Após a decisão da Copa do Mundo que consagrou a Espanha como campeã, o ex-atacante Muller, tetracampeão pela Seleção Brasileira, expressou fortes críticas à performance da Argentina. Em participação no programa Mesa Redonda da Gazeta Esportiva, o comentarista não poupou a equipe sul-americana, descrevendo sua postura como “covarde” e o jogo como “tecnicamente fraco”. A Espanha venceu por 1 a 0, garantindo o título neste domingo.
A análise de Muller gerou debate sobre a estratégia adotada pela Argentina em um dos momentos mais importantes do futebol mundial.
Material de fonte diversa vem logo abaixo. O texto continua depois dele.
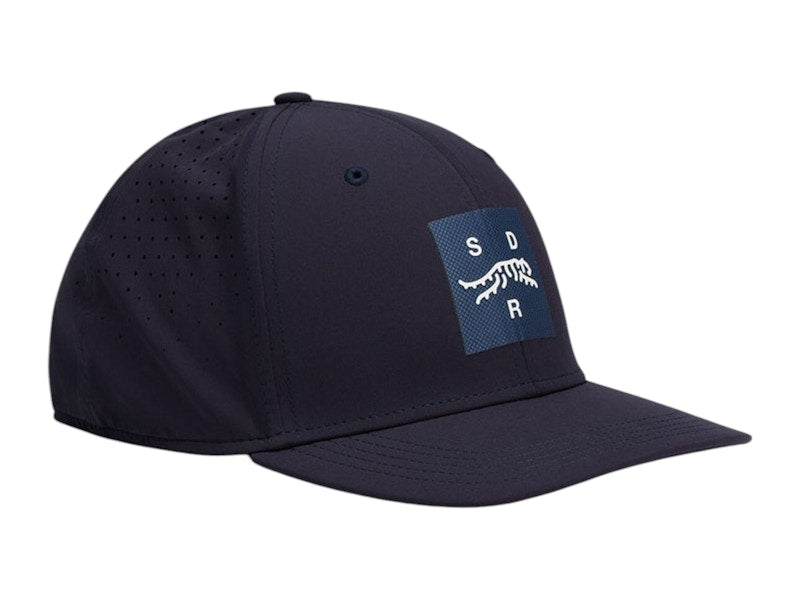 Sun Day Red x Tiger Woods Lockup Half Vent Snapback Hat Navy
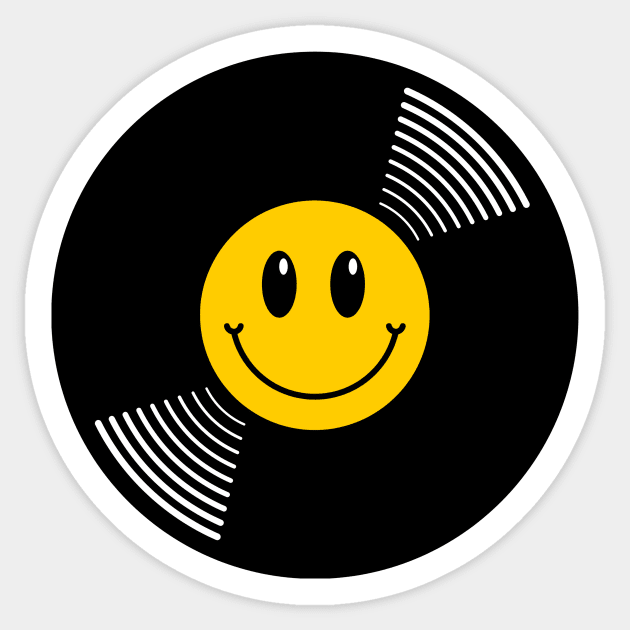 Vinyl Smiley - Vinyl Smiley Face - Sticker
Segundo ele, a falta de iniciativa ofensiva e a excessiva defesa contrastaram com a determinação da seleção espanhola em buscar a vitória.
Análise de Muller sobre a performance argentina
Muller foi enfático ao avaliar o desempenho argentino na final. “A Argentina foi covarde e a Espanha teve vontade de ganhar o jogo”, declarou o ex-jogador. Ele complementou sua crítica afirmando que, de modo geral, a partida foi “tecnicamente fraca”, ressaltando a discrepância entre a agressividade espanhola e a passividade argentina. A surpresa, para o comentarista, foi a ausência de ataques por parte da equipe de Messi, que se limitou a defender, permitindo que a Espanha avançasse continuamente. A postura, segundo Muller, representou uma falha em comparação com o desempenho da equipe em edições anteriores do Mundial.
Domínio espanhol e o gol decisivo
A partida foi marcada por um controle quase absoluto da Espanha, que pressionou a defesa argentina durante todo o confronto. A persistência da Fúria foi recompensada nos momentos finais do tempo regulamentar, especialmente após a expulsão de Enzo Fernández. Com um jogador a mais, a Espanha intensificou seus ataques, culminando no gol de Ferrán Torres. A finalização, que furou a defesa do goleiro Dibu Martínez, foi o 19º chute da equipe espanhola na partida, evidenciando a superioridade ofensiva e a determinação em buscar o resultado.
Espanha repete roteiro de título mundial
O bicampeonato mundial da Espanha ecoa a conquista de 2010, quando o país levantou seu primeiro troféu. Naquela ocasião, a vitória por 1 a 0 sobre a Holanda também foi decidida na prorrogação, com o gol sendo marcado por Andrés Iniesta, então jogador do Barcelona. A repetição do placar mínimo e a decisão em momentos cruciais do jogo reforçam a característica de uma equipe que sabe ser resiliente e aproveitar as oportunidades, mesmo em partidas de alta tensão e com roteiros dramáticos. A Espanha demonstra, mais uma vez, sua capacidade de superar adversidades e garantir o título mundial.